Provided entries START

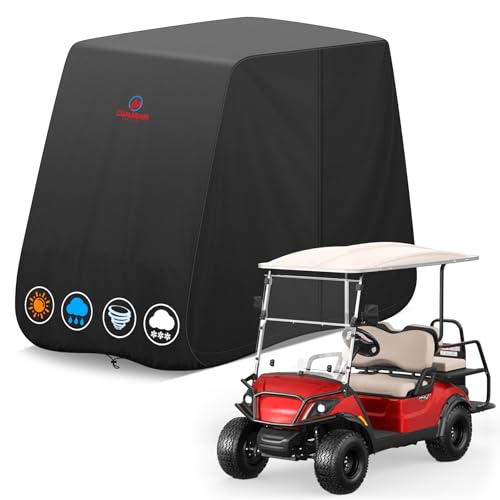 Comnova Golf Cart Cover 4 Passenger - 600D Waterproof Golf Carts Enclosure with Zipper, Windproof & UV Resistant, Outdoor Golf Cart Cover Universal Fit EZGO, Club Car, Yamaha up to 112"L x 48"W x 66"H - image 1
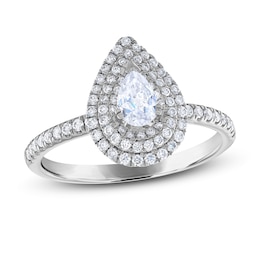 Diamond Engagement Ring 3/4 ct tw Round/Pear-shaped 14K White Gold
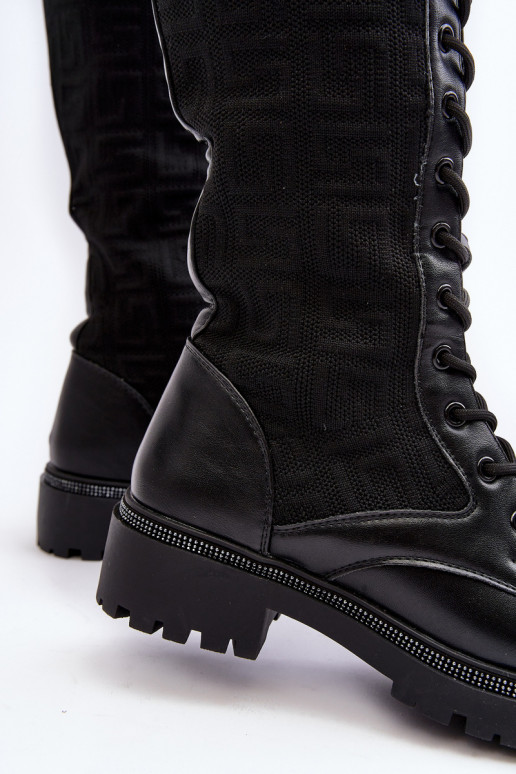 Dames veterlaarzen met elastisch bovenwerk in zwart Virxinia Dames veterlaarzen met elastisch bovenwerk in zwart Virxinia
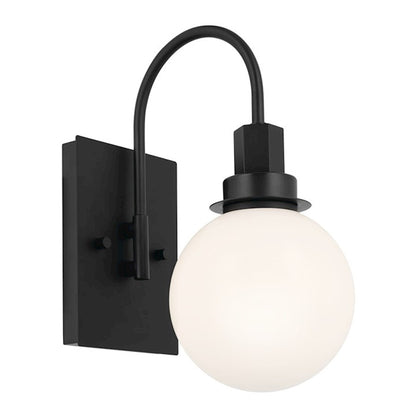 Kichler Hex 12" 1 Light Wall Sconce, Black/Opal Glass - 55149BK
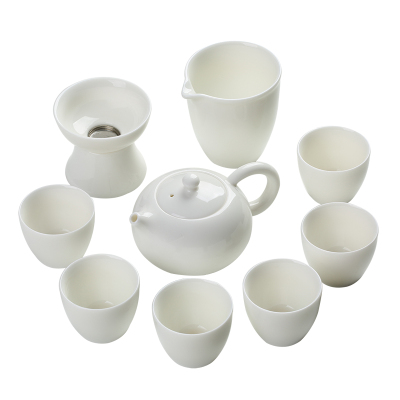 苏氏陶瓷中国白白玉瓷功夫茶具茶壶茶杯套装象牙白一壶八杯套装
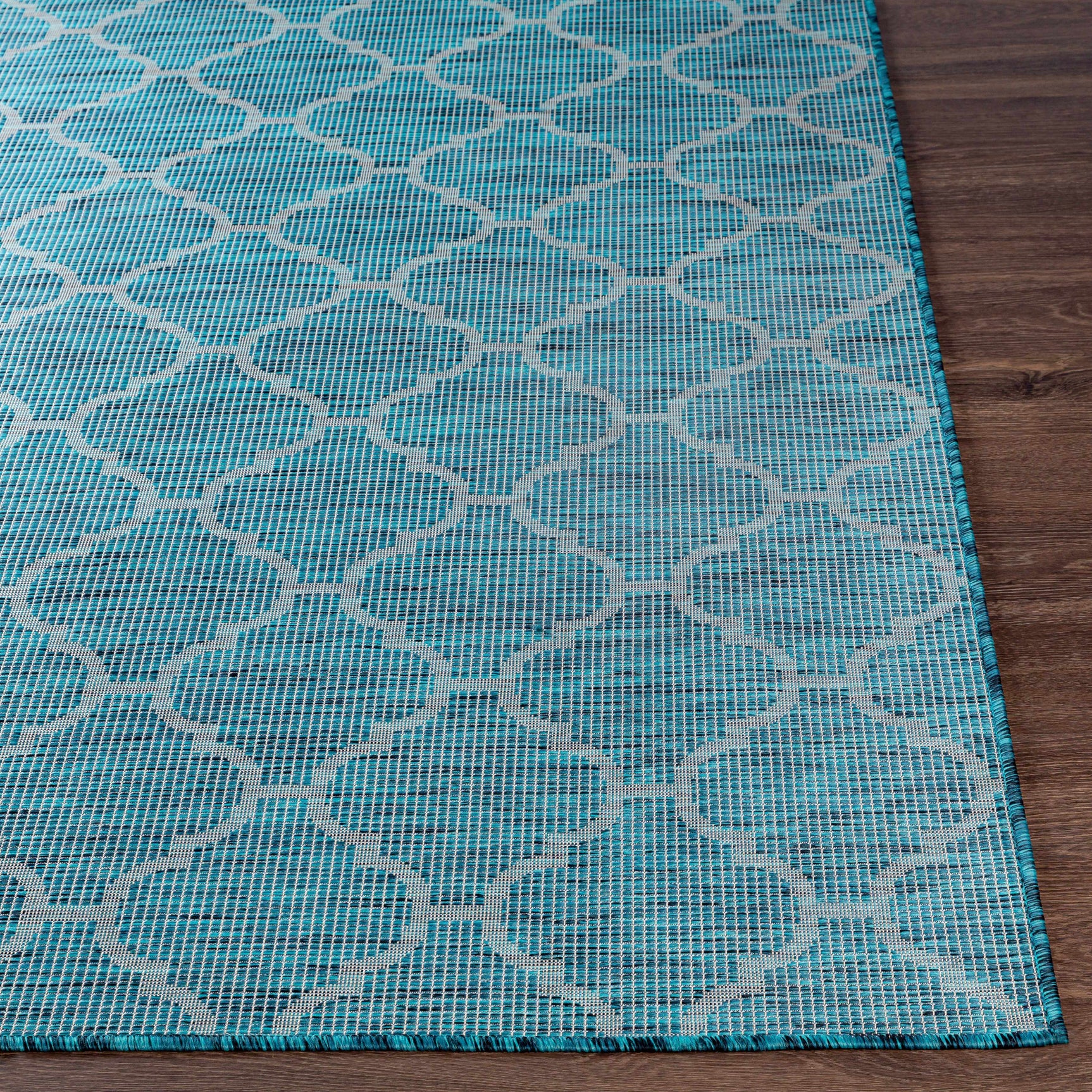 Unique Outdoor Trellis Area Rug, Teal - Clearance - Ornate Home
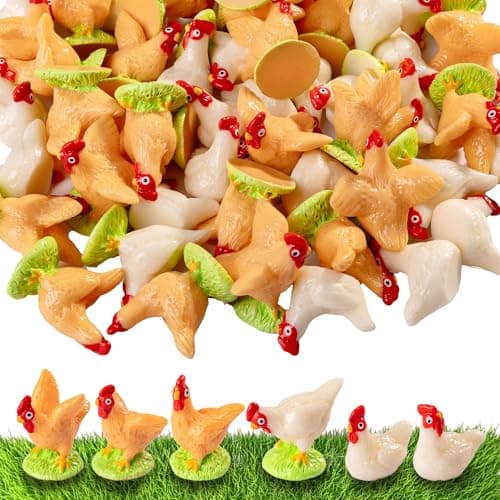 Teenzee Easter Mini Chicken 60 pcs Mini Resin Chicken Variety Tiny Animals Figures Miniature Little Small Animal Figurines Bulk for Micro Fairy Garden Landscape Accessories Hide Crafts Decor Aquarium
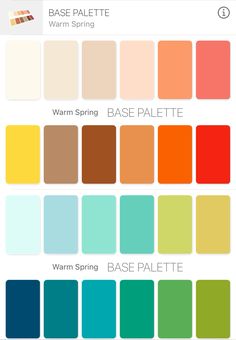 the color chart for different shades of pastel, warm and soft colors with text that reads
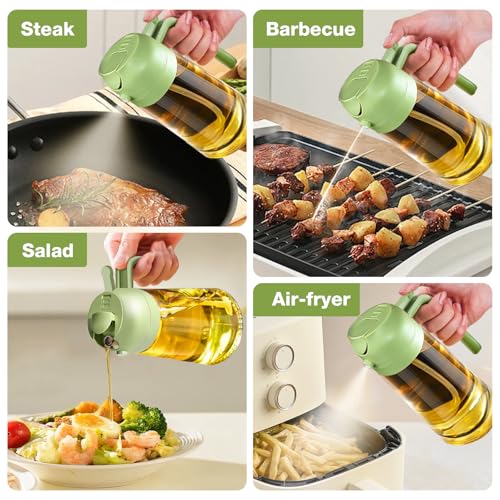 Miniatura 6 de Yarramate - Pulverizador De Aceite Para Cocinar, Botella Dispensadora De Aceite 2 En 1, Vidrio Premium, Grado Alimenticio, 470 Ml, Verde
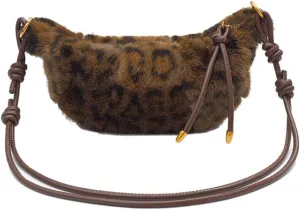 Leopard Fluffy Sling Dumpling Bag Cheetah Print Fuzzy Furry Shoulder Crossbody Crescent Bag Leopard Plush Horn Bag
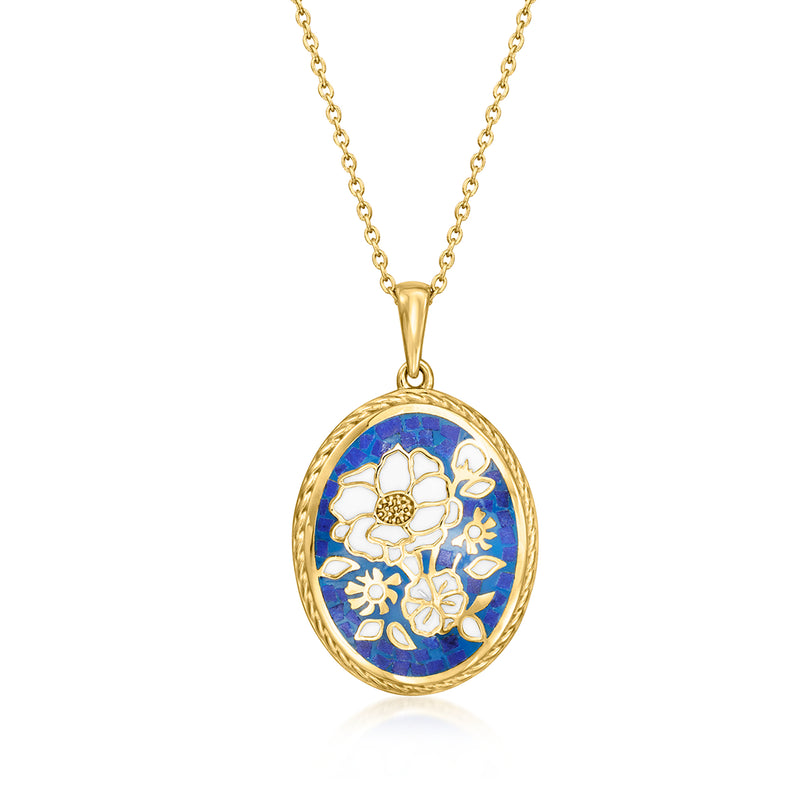 Oval blue enamel flower pendant necklace with multicolor blooms on gold chain, gold bezel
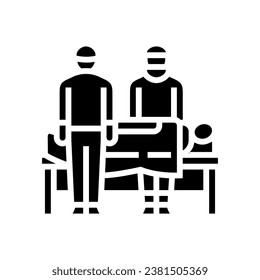 vector de icono de glifo de cirugía de emergencia. signo de cirugía de emergencia. ilustración de símbolo aislado
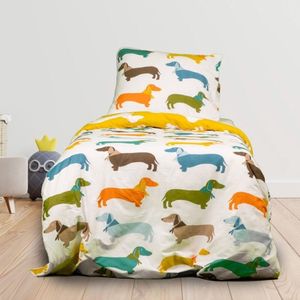 Decoware® dekbedovertrek - Sausage dog - Teckel - Katoen - 1-persoons -140x220 + 60x70cm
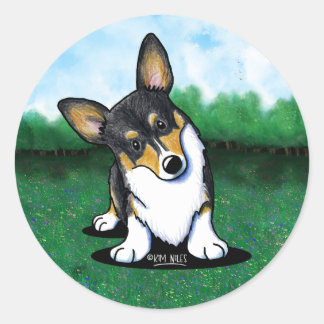 Tri Curious Corgi Classic ronde Sticker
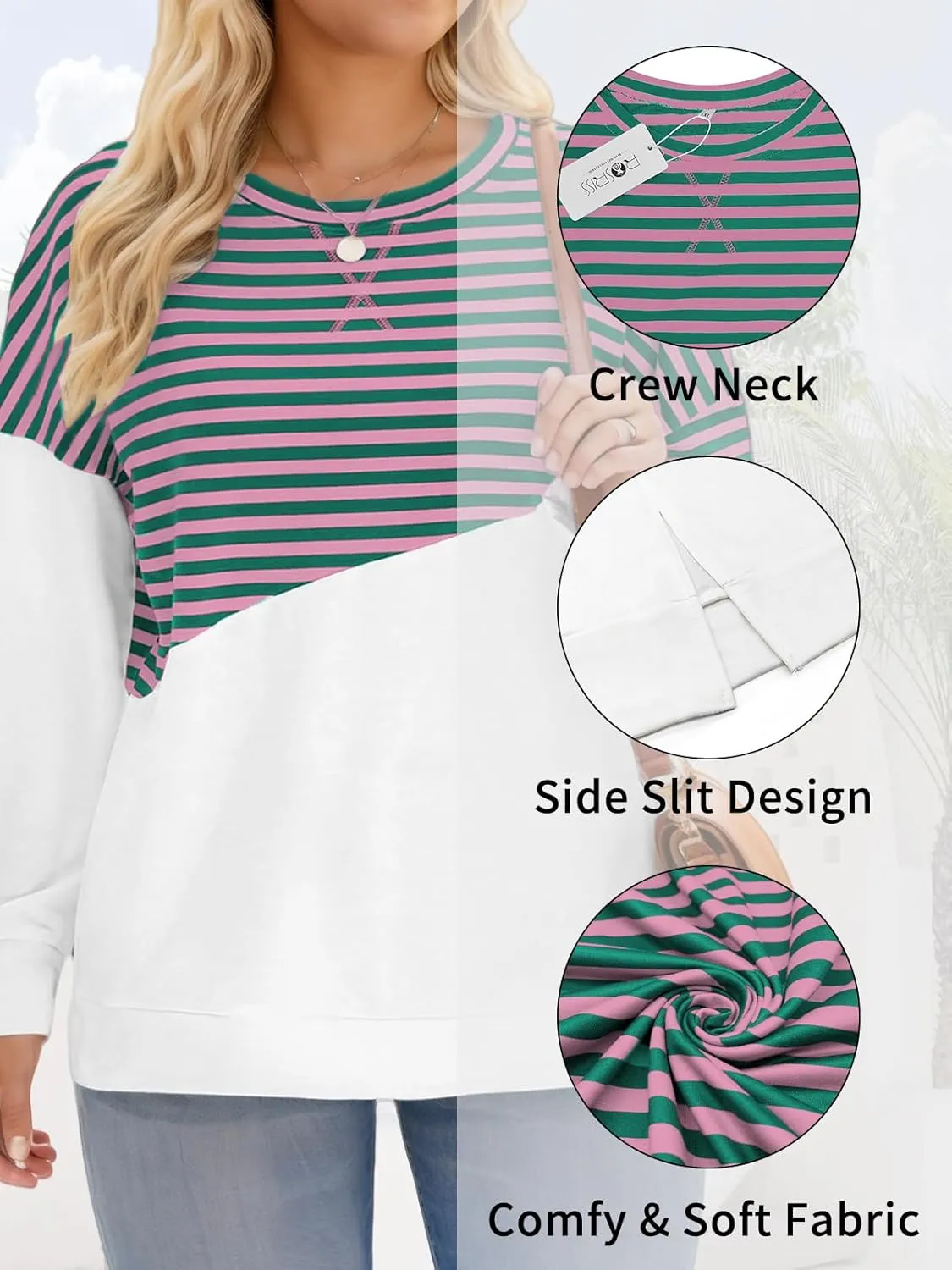ROSRISS Womens Plus Size Sweatshirts Long Sleeve Side Split Striped Colorblock Tops Oversized Crewneck Casual Pullover Shirts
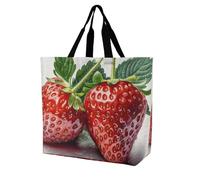 Rkklvbns Sac fourre-tout à bandoulière pour femme avec deux fraises - Sac de rangement portable léger et durable pour le travail, les voyages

Provided entries END

- [Problem to solve] Print all the records exactly, minus any images.

- [Output]
 Comnova Golf Cart Cover 4 Passenger - 600D Waterproof Golf Carts Enclosure with Zipper, Windproof & UV Resistant, Outdoor Golf Cart Cover Universal Fit EZGO, Club Car, Yamaha up to 112"L x 48"W x 66"H - image 1
 Diamond Engagement Ring 3/4 ct tw Round/Pear-shaped 14K White Gold
 Dames veterlaarzen met elastisch bovenwerk in zwart Virxinia Dames veterlaarzen met elastisch bovenwerk in zwart Virxinia
 Kichler Hex 12" 1 Light Wall Sconce, Black/Opal Glass - 55149BK
 苏氏陶瓷中国白白玉瓷功夫茶具茶壶茶杯套装象牙白一壶八杯套装
 Unique Outdoor Trellis Area Rug, Teal - Clearance - Ornate Home
 Teenzee Easter Mini Chicken 60 pcs Mini Resin Chicken Variety Tiny Animals Figures Miniature Little Small Animal Figurines Bulk for Micro Fairy Garden Landscape Accessories Hide Crafts Decor Aquarium
 the color chart for different shades of pastel, warm and soft colors with text that reads
 Miniatura 6 de Yarramate - Pulverizador De Aceite Para Cocinar, Botella Dispensadora De Aceite 2 En 1, Vidrio Premium, Grado Alimenticio, 470 Ml, Verde
 Leopard Fluffy Sling Dumpling Bag Cheetah Print Fuzzy Furry Shoulder Crossbody Crescent Bag Leopard Plush Horn Bag
 Oval blue enamel flower pendant necklace with multicolor blooms on gold chain, gold bezel
 vector de icono de glifo de cirugía de emergencia. signo de cirugía de emergencia. ilustración de símbolo aislado
 Decoware® dekbedovertrek - Sausage dog - Teckel - Katoen - 1-persoons -140x220 + 60x70cm
 Tri Curious Corgi Classic ronde Sticker
ROSRISS Womens Plus Size Sweatshirts Long Sleeve Side Split Striped Colorblock Tops Oversized Crewneck Casual Pullover Shirts
 Rkklvbns Sac fourre-tout à bandoulière pour femme avec deux fraises - Sac de rangement portable léger et durable pour le travail, les voyages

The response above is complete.